Your instructions:
For the records below, print the lines from the line with "Amix Creatine HCL" through the line with "reaction. (Instagram/Twitter) Shoaib" exactly as written; include both end lines and exclude the rest.

Material for the task:

· · ·

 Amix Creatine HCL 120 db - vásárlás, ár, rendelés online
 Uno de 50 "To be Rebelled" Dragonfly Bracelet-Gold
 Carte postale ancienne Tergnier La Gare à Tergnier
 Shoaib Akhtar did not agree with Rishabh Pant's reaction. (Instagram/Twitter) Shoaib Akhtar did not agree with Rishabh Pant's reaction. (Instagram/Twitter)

· · ·

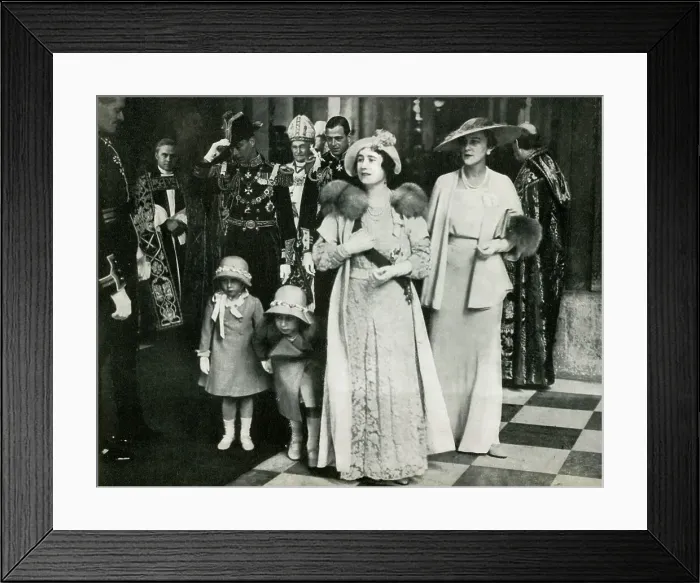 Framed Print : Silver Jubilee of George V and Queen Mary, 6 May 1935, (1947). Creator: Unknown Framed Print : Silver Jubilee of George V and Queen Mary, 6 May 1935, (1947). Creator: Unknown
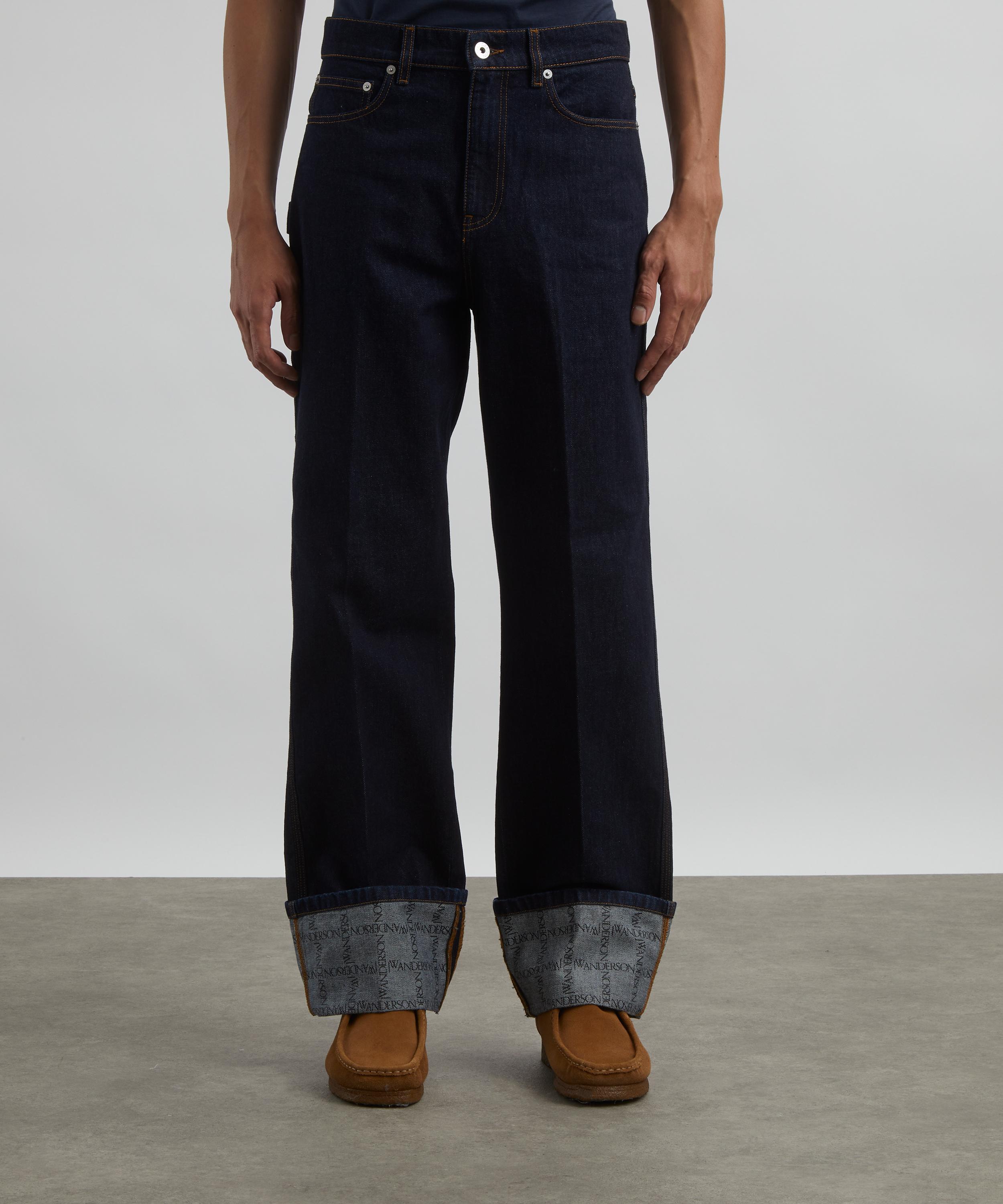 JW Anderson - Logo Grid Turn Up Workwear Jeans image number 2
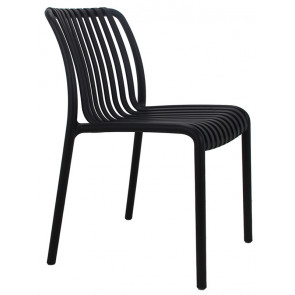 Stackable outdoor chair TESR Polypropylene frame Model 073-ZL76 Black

· · ·

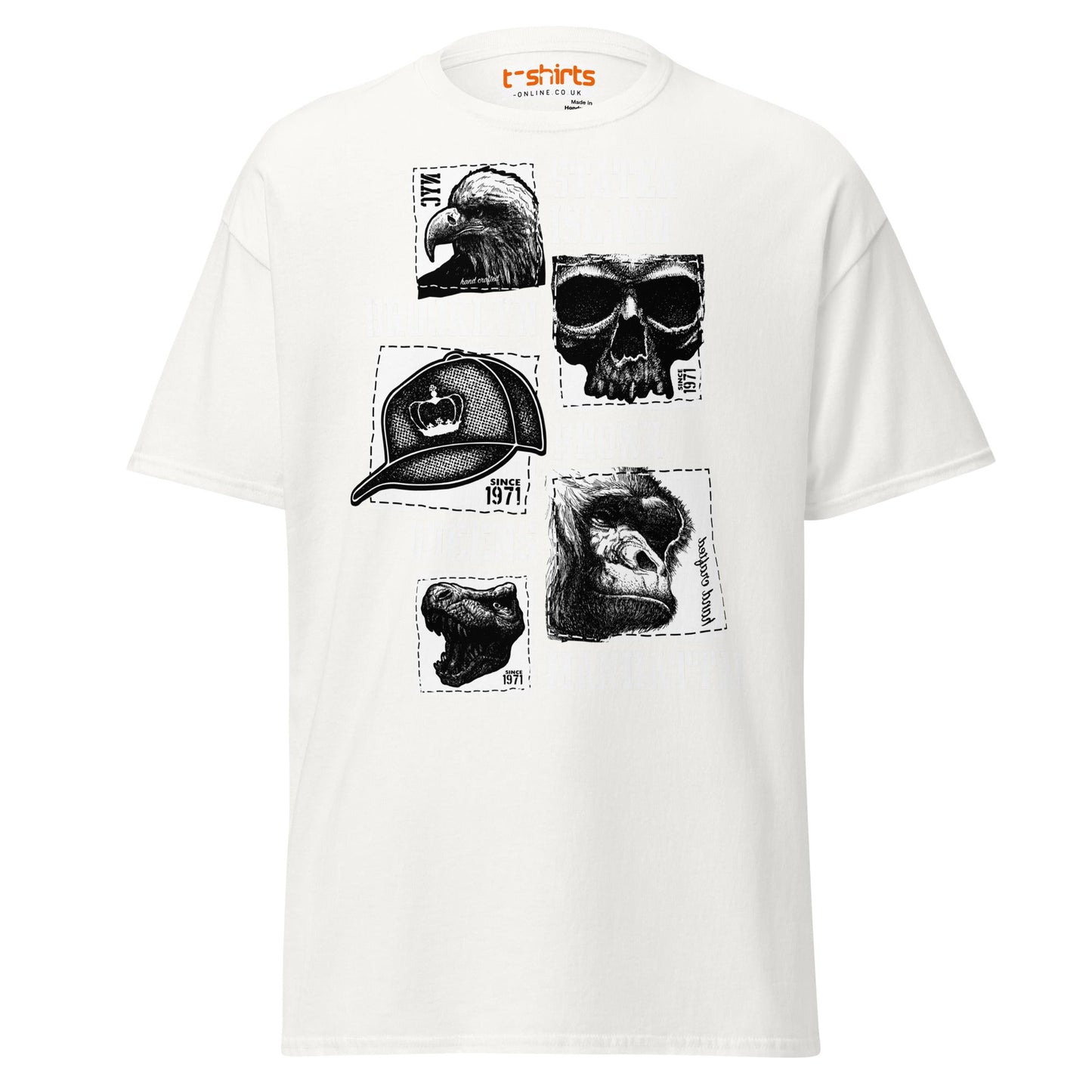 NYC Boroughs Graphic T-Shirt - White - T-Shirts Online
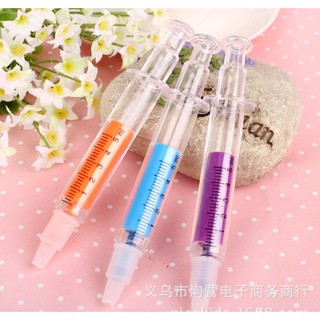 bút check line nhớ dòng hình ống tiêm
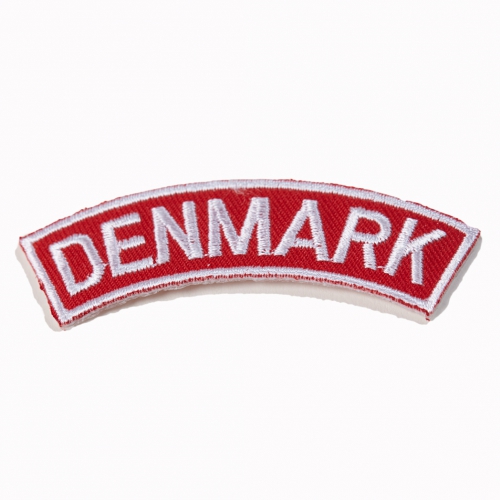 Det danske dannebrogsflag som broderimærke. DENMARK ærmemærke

· · ·

The completed task:
 Amix Creatine HCL 120 db - vásárlás, ár, rendelés online
 Uno de 50 "To be Rebelled" Dragonfly Bracelet-Gold
 Carte postale ancienne Tergnier La Gare à Tergnier
 Shoaib Akhtar did not agree with Rishabh Pant's reaction. (Instagram/Twitter) Shoaib Akhtar did not agree with Rishabh Pant's reaction. (Instagram/Twitter)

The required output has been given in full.